Es creencia en su estado más crudo, pura magia: el ejemplo perfecto de una superstición triunfante | Columna de Martín Caparrós

Martín Caparrós
Martín Caparrós

Alguna vez alguien, uno sin tantas pesadillas, uno que viva en un mundo razonable, se pondrá a pensar qué cuernos era aquello de la suerte. Y, antes que nada, se confundirá: suerte es de las palabras más mezcladas. La suerte de una suerte de suerte de matar dependerá de la suerte del matador de marras. Suerte con eso.

La palabra suerte siempre es compleja, pero en España más porque, sin ánimo de cargar la suerte, se le agregan sus viejos sentidos taurinos. Y al mismo tiempo es una palabra casi única. La mayoría de las palabras europeas importantes comparten orígenes. Para decir suerte, en cambio, cada una es de su padre y de su madre: en inglés es luck, en francés chance, italiano fortuna, rumano noroc, alemán glück, griego (tuji), ruso (shestie) y nosotros usamos esa palabra que viene del latín sors, donde significaba el trozo de tierra que le tocaba cultivar a cada uno —cuando eso, sin duda, podía definir su suerte. Todos pensamos en la suerte; cada cual la pensó por su lado.

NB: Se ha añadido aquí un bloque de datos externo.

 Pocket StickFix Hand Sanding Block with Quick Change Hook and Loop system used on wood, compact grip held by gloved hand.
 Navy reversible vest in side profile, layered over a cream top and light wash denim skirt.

La suerte es un poder sin contrapoderes, una religión sin ateos —porque no termina de ser una religión. Es gracioso ver cómo las personas más aparentemente racionales le rendimos —algún tipo de— culto; cómo no hay nadie que nunca la haya deseado, maldecido, convocado. Hay pocas cosas que nos unan tanto con nuestros tíos abuelos los pitecántropos más o menos erectos.

Imagino —en esto uno no puede más que imaginar— que la suerte empezó antes que todo. En aquel mundo de amenazas, señoras y señores asustados sabían que sus vidas dependían de demasiados factores que no podían controlar y, poco a poco, se fueron inventando formas de —pretender— influir sobre ellos. Si alguien daba tres saltitos antes de cruzar el río, quizá no se ahogaría; si alguien se encontraba una piedra verde, podría beneficiarse a ese muchacho. La suerte era superstición en su estado más puro, sin justificaciones: por mecanismos que no puedo entender —que no intento entender—, si hago tal cosa, conseguiré tal otra.

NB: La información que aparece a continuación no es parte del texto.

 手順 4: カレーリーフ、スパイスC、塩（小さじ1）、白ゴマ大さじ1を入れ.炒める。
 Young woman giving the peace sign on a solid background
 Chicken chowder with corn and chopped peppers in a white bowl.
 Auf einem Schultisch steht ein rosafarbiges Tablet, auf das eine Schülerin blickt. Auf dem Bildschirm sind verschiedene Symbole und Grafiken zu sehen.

Con el tiempo esos señores y señoras se sofisticaron, fueron armando unos relatos y convirtieron lo innominado, lo inexplicado en sistemas complejos: las religiones, las teologías que les dan vueltas y más vueltas. Esos cuentos arman una jerarquía: si quieres algo, debes pedírselo a un poder que te lo puede dar —y a cambio respetarás ese poder. Así se inventaron los dioses, sacerdotes, templos, toda una máquina de someter al mundo. En lugar de buscar aquella piedra, la chica que quería un galán iba a ver a un intermediario que le decía que se lo pidiera —en su capilla, donación mediante— a san Antonio, que, a su vez, intercedía ante el Señor para que le mandara uno que no fuera muy violento.

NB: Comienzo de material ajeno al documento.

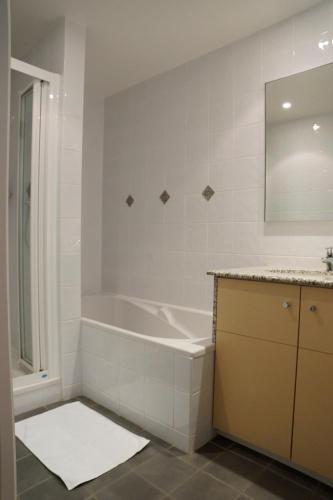 une salle de bain blanche avec une baignoire et un miroir dans l'établissement Residence Reine Marine, à Saint-Malo
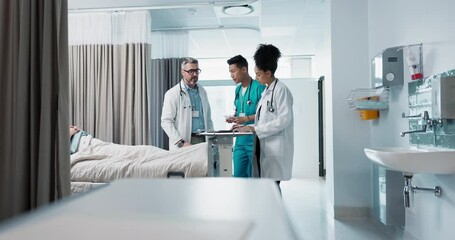 Wall Mural - Healthcare, hospital and a medical team of doctors checking on a patient in recovery or rehabilitation. Medicine, teamwork and consulting with a group of health professionals in a clinic for wellness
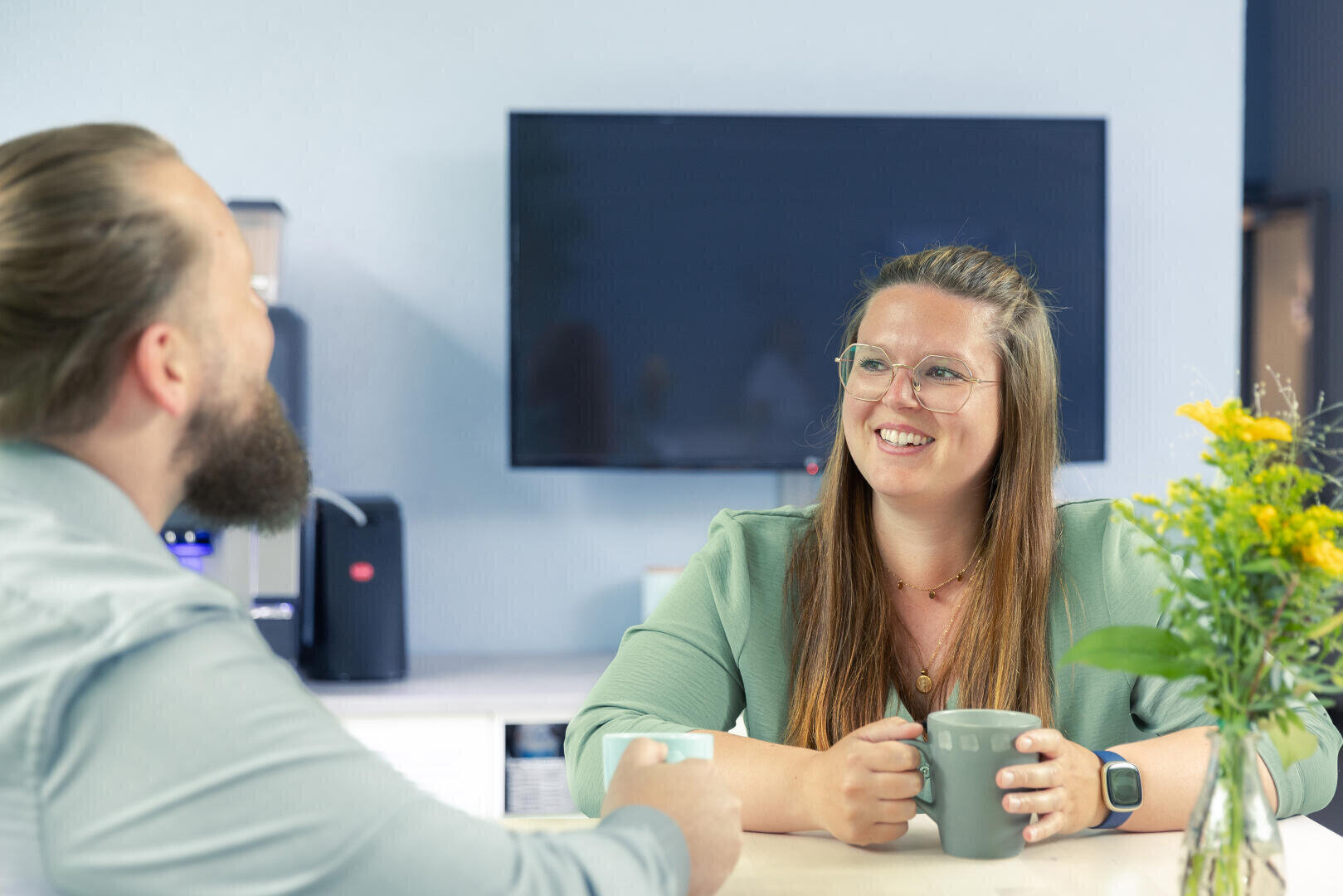 A woman and a man sit at a table, smiling and talking while holding mugs. There is a vase with yellow flowers on the table, and a large television screen in the background.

Pero, gracias a Dios, la suerte no murió: las religiones no pudieron terminar de matarla. Así que, todavía, cada día, millones le pedimos cosas a no sabemos quién, a no sabemos qué. Superstición sin justificaciones: yo quiero que Chiquinho falle ese penalti y para eso, por supuesto, me aprieto el huevo izquierdo —y si no lo hiciera, me sentiría un cobarde o un traidor. Pero no tengo una teoría sobre cómo el estruje testicular conseguiría producir el desvío de ese cuero inflado; es más, prefiero no pensarlo, porque, si lo pensara, entendería que es una estupidez.

Suerte es, en síntesis, la idea de que el desarrollo de cualquier proceso puede ser modificado por factores insondables o intentos inverosímiles: si esos desvíos favorecen al interesado, los llamamos buena suerte, y mala si no. Confiar en la suerte es la confesión de que has perdido el control: cuando algo se te va de las manos te pones en las suyas —pero al mismo tiempo creemos que podemos influirla por medios muy diversos. La suerte supone la creencia en un orden confuso, levemente ambiguo: un orden que creemos tan poderoso y, al mismo tiempo, modificable con actos muy menores. La contradicción no parece importar a nadie: la suerte es, por definición, algo que escapa a esas lógicas pobres. La suerte es creencia en su estado más crudo, pura magia: el ejemplo perfecto de una superstición triunfante.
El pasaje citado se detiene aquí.